SC killer Alex Murdaugh may plead guilty to federal financial crimes, his lawyer says

Joshua Boucher/jboucher@thestate.com

A lawyer for convicted double-murderer Alex Murdaugh signaled Wednesday that his client will likely plead guilty to a sweeping series of federal financial crimes.

Murdaugh, 55, a disbarred lawyer who was once a member of one of South Carolina’s dominant law firms, entered a formal plea of not guilty Wednesday in a brief federal arraignment hearing in Charleston.

But his lawyer, Jim Griffin, told Magistrate Judge Molly Cherry that Murdaugh likely intends to change his plea of not guilty “in the near future,” but he didn’t specify a date.

Left undetermined was how many counts of a 22-count federal indictment Murdaugh would plead guilty to.

Asked for comment after the hearing, Murdaugh’s other attorney, state Sen. Dick Harpootlian, told reporters outside of the courthouse, “We’ll do our talking in the courtroom.”

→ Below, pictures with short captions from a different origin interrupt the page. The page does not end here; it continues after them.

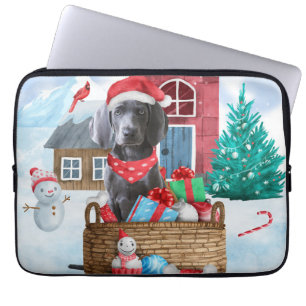 Weimaraner Hund i snö julhus Hund House Laptop Fodral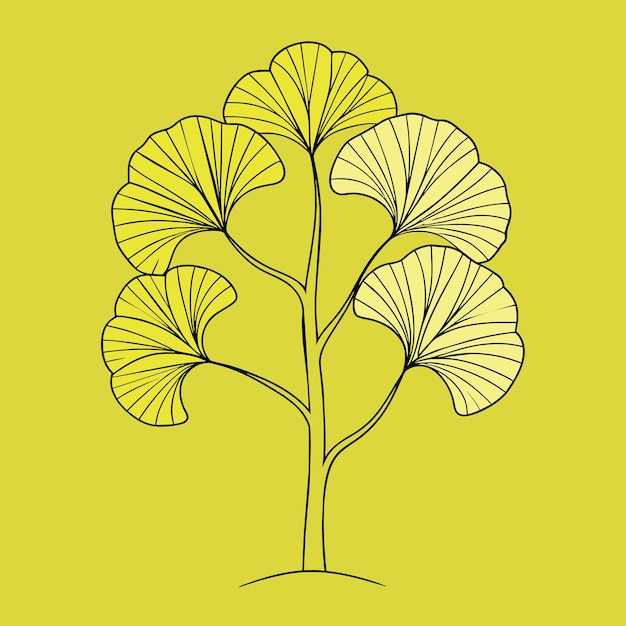 botanical vector background with ginkgo biloba continuous one line drawing with abstract shape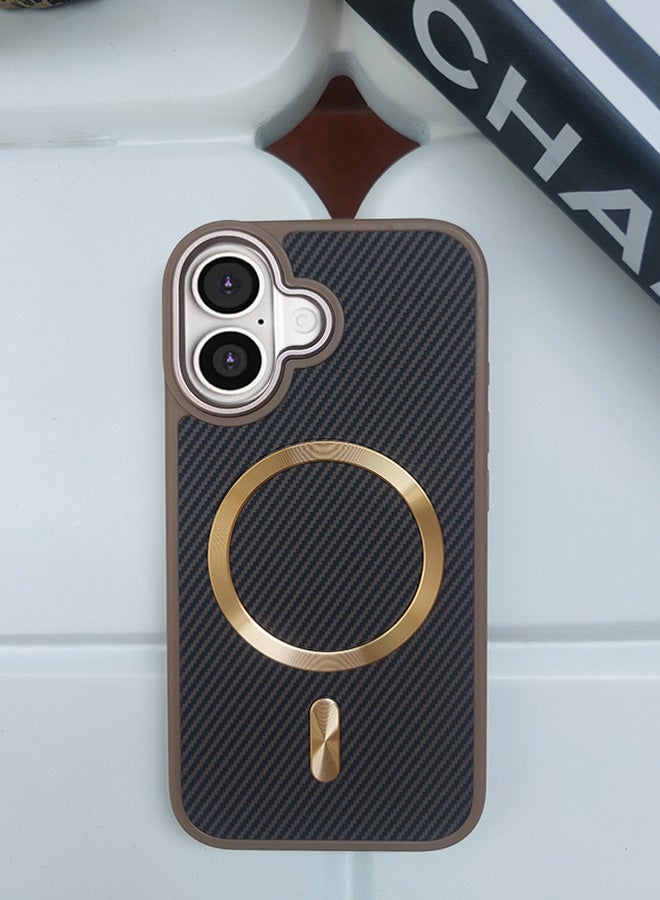 Magnetic Carbon Fiber Back Case for iPhone 16, Rugged Shockproof MagSafe Phone Case, Ultra Slim Case with Padded Interior to Prevent Your Phone's Back from Scratches, Supports Wireless Charging, Heavy Duty Protection and Anti-Scratch, for iPhone 16 - Brown/Gold  - Image 2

Murdaugh’s indictment last week includes his highly-publicized alleged theft of $4.3 million from his dead housekeeper’s estate, his alleged unlawful collusion with former Hampton banker Russell Laffitte and his alleged serial embezzlements of millions of dollars belonging to former clients.

In all, the 28-page federal indictment alleges Murdaugh stole some $7 million from 2011 to 2021 from former clients and others.

Wednesday was Murdaugh’s first appearance in a South Carolina public courtroom since March 3, when state Judge Clifton Newman sentenced him to two consecutive life sentences for the murders of his wife, Maggie, and his son, Paul, after a roughly six-week trial.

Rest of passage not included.